Start of Information provided
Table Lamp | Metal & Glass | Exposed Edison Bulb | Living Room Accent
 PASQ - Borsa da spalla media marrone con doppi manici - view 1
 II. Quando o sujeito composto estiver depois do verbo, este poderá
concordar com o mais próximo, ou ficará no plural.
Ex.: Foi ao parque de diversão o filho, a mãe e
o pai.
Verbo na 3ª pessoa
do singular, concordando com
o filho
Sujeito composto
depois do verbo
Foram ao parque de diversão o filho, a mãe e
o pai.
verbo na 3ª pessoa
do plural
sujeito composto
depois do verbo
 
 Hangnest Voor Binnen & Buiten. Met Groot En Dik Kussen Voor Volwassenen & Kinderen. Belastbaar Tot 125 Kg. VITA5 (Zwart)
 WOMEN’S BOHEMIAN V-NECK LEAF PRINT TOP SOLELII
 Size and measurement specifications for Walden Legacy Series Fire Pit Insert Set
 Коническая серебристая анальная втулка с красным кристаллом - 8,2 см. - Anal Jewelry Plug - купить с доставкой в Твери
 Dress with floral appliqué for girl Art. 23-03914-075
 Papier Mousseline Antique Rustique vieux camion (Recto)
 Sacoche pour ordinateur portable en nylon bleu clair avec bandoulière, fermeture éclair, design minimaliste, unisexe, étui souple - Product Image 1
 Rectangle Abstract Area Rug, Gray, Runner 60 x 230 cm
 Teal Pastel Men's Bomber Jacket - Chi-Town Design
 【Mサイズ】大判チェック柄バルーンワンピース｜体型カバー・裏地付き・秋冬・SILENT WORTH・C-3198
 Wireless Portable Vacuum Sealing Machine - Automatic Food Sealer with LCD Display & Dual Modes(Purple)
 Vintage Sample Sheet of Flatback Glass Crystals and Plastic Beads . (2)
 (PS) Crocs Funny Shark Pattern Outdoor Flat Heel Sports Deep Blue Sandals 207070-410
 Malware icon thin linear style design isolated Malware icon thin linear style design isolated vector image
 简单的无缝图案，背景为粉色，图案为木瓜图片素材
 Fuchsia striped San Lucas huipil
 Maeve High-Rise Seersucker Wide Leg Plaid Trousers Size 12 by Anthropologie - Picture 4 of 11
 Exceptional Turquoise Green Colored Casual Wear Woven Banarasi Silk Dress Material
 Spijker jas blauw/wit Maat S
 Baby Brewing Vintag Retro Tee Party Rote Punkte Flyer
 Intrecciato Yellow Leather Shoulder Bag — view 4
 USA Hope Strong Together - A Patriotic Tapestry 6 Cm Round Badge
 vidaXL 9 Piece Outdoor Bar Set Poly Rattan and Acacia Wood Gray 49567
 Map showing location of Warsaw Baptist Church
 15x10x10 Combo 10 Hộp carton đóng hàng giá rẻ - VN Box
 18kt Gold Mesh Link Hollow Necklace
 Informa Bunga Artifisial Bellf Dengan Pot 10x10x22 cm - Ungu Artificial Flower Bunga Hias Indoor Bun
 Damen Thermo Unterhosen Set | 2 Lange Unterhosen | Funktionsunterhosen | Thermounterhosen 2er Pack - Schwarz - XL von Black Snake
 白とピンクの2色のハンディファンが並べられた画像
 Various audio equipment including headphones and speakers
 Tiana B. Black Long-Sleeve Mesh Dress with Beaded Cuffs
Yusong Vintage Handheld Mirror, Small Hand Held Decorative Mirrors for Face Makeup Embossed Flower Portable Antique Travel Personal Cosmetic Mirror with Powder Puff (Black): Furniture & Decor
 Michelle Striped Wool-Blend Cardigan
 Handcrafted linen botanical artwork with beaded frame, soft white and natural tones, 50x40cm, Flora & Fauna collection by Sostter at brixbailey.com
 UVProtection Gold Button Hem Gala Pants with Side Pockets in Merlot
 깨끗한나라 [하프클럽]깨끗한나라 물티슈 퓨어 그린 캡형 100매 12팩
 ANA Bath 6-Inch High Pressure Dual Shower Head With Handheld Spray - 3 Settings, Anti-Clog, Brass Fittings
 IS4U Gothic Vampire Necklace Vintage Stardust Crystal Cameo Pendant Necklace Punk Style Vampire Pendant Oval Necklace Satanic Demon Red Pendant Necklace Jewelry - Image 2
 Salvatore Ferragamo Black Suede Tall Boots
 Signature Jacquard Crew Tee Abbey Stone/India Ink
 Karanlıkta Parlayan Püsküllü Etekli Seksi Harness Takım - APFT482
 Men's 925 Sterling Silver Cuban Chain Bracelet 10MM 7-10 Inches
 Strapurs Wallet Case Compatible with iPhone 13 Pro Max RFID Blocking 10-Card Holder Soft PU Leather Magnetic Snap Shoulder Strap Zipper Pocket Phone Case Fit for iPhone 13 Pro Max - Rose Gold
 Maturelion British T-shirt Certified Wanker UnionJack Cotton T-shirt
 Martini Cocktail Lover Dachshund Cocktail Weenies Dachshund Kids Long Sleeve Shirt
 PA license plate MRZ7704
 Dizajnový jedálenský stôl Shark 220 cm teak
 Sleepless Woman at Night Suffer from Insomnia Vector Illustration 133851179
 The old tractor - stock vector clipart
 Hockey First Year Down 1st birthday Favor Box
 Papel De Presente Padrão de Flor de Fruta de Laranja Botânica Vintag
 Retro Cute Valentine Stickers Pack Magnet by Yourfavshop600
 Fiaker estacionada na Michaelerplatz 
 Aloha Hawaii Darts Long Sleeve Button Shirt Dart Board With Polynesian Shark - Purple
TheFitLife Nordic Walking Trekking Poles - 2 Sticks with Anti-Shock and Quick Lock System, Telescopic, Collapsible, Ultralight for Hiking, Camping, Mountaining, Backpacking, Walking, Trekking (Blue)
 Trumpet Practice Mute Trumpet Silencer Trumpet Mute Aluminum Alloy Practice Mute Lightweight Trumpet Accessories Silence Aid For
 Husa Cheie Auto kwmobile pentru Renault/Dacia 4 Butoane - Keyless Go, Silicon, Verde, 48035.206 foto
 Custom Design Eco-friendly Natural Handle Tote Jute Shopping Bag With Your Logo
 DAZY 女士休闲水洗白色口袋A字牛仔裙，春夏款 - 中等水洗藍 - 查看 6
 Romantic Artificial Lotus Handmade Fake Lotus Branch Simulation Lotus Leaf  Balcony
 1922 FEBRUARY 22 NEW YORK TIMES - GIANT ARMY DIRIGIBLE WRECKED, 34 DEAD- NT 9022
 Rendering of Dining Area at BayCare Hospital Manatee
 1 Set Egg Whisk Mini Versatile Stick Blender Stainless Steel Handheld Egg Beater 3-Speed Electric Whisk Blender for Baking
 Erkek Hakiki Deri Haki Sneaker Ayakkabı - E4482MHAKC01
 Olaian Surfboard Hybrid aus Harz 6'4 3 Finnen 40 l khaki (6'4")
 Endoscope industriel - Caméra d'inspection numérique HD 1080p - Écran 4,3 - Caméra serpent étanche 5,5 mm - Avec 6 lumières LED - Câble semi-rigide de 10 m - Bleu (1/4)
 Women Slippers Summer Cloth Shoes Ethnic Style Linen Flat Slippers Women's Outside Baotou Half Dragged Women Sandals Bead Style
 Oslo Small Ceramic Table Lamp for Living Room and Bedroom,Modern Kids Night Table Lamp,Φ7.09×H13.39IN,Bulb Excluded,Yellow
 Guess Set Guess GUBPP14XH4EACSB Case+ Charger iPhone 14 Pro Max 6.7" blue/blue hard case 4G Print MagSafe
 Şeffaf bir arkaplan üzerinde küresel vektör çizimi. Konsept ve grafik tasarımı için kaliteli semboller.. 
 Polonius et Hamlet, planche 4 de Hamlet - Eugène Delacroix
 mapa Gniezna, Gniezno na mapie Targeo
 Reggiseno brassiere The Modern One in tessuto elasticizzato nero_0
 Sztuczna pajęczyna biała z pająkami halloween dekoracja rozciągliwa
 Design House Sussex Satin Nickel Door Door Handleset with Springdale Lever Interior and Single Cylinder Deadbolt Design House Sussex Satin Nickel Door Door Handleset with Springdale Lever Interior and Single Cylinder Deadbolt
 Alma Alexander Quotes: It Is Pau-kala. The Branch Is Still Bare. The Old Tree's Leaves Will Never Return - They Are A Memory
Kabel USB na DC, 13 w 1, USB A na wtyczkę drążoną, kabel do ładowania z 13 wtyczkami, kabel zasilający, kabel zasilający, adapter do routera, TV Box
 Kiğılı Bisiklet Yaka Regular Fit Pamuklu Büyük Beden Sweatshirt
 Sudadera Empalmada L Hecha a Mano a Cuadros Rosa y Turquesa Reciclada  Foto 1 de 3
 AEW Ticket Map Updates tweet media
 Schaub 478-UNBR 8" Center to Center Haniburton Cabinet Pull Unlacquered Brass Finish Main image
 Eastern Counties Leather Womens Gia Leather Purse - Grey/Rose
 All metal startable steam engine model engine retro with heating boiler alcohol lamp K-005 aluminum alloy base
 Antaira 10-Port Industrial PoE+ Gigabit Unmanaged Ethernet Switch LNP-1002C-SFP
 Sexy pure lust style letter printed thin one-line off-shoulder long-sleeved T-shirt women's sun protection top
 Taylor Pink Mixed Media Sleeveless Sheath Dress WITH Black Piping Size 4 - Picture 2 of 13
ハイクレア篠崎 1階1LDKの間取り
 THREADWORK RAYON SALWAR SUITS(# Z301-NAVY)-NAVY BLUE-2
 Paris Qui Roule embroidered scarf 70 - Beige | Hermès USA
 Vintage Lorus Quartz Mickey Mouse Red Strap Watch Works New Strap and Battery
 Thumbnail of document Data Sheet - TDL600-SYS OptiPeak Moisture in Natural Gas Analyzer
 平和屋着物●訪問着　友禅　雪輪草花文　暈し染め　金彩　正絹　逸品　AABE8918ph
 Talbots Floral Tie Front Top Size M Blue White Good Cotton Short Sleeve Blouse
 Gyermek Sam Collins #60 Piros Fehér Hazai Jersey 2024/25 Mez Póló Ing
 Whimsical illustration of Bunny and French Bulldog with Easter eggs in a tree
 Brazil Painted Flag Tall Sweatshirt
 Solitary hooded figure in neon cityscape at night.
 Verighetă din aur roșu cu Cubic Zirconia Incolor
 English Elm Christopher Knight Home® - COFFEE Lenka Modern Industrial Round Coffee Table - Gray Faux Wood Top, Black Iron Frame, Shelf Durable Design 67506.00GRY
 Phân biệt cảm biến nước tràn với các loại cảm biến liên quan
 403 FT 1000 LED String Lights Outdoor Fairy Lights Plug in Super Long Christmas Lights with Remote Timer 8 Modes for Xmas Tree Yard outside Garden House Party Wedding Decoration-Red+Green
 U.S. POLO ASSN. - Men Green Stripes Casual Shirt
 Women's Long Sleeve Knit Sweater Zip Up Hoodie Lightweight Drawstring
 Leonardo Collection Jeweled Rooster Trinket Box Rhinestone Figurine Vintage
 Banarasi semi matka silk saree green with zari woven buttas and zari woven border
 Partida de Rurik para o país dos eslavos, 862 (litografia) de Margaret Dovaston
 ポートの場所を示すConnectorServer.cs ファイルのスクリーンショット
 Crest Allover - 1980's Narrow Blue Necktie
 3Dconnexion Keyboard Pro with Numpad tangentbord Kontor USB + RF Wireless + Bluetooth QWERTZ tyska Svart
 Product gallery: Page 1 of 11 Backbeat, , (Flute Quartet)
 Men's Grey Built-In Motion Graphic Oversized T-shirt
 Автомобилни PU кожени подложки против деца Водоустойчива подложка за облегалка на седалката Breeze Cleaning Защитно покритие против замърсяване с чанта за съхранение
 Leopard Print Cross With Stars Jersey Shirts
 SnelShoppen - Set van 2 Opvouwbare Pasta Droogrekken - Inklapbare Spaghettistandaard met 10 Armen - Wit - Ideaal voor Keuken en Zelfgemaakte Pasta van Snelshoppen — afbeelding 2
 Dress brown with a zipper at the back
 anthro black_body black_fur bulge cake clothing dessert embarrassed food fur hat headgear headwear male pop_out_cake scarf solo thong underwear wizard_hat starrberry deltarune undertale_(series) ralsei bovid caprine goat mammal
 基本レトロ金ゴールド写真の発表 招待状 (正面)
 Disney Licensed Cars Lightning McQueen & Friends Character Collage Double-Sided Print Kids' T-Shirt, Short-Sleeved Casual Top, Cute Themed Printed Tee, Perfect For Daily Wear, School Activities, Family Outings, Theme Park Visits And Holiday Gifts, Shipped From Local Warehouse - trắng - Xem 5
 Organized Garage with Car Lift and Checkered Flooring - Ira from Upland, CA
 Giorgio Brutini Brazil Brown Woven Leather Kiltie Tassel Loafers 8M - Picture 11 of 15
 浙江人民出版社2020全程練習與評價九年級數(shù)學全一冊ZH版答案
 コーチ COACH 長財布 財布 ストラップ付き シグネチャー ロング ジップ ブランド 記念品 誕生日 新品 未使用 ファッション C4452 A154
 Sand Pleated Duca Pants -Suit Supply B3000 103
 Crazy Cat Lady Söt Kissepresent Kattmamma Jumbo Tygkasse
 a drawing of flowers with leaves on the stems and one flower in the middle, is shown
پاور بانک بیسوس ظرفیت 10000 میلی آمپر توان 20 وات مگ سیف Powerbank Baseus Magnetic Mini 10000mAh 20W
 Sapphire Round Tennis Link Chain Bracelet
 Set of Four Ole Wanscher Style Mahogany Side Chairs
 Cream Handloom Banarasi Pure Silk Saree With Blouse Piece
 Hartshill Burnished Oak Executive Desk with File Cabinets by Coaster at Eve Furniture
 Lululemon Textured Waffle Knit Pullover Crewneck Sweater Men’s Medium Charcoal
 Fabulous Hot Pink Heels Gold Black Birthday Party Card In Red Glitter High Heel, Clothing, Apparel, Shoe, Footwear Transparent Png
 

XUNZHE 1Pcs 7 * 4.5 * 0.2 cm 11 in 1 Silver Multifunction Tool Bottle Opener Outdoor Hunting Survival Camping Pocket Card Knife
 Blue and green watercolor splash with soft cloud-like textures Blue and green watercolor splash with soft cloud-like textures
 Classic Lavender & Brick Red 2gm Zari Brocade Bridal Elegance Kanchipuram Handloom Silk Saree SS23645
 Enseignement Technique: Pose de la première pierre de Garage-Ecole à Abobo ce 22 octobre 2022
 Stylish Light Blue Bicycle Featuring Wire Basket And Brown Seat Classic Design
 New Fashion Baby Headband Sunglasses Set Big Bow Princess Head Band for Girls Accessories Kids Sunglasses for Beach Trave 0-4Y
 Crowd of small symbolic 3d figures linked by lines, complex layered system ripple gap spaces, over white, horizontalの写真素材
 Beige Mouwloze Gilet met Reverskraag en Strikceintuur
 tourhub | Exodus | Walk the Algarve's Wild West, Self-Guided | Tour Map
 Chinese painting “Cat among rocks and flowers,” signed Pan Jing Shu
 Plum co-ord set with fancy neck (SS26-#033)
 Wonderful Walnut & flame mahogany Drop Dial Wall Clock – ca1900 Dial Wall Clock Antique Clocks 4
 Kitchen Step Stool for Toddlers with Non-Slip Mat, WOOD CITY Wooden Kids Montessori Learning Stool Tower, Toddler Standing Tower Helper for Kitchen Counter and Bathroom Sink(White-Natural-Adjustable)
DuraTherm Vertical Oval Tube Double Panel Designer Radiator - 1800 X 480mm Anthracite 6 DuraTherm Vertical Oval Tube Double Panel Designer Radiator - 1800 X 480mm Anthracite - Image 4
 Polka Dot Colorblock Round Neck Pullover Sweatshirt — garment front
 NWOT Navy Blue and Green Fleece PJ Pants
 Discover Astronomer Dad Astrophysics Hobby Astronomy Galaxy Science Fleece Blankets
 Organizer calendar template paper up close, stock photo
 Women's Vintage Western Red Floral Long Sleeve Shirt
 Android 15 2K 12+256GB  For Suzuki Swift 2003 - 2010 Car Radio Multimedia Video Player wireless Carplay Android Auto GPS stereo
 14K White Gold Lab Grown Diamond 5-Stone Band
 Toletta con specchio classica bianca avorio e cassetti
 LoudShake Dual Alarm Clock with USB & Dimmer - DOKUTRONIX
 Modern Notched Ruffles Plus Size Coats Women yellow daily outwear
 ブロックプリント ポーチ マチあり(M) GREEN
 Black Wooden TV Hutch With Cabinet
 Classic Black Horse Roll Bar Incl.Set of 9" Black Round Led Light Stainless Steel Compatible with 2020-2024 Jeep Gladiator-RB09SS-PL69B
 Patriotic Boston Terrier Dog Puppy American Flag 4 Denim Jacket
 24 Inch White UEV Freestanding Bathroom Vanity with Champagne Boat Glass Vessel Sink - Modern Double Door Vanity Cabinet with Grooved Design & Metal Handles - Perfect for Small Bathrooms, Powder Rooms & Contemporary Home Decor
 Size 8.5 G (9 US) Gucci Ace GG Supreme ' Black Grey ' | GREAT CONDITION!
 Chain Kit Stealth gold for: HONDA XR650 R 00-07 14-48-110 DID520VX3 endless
End of Information provided
[Activity]
Select every line of the records holding the string "Chain".

[Exercise output]
 Men's 925 Sterling Silver Cuban Chain Bracelet 10MM 7-10 Inches
 Sapphire Round Tennis Link Chain Bracelet
 Chain Kit Stealth gold for: HONDA XR650 R 00-07 14-48-110 DID520VX3 endless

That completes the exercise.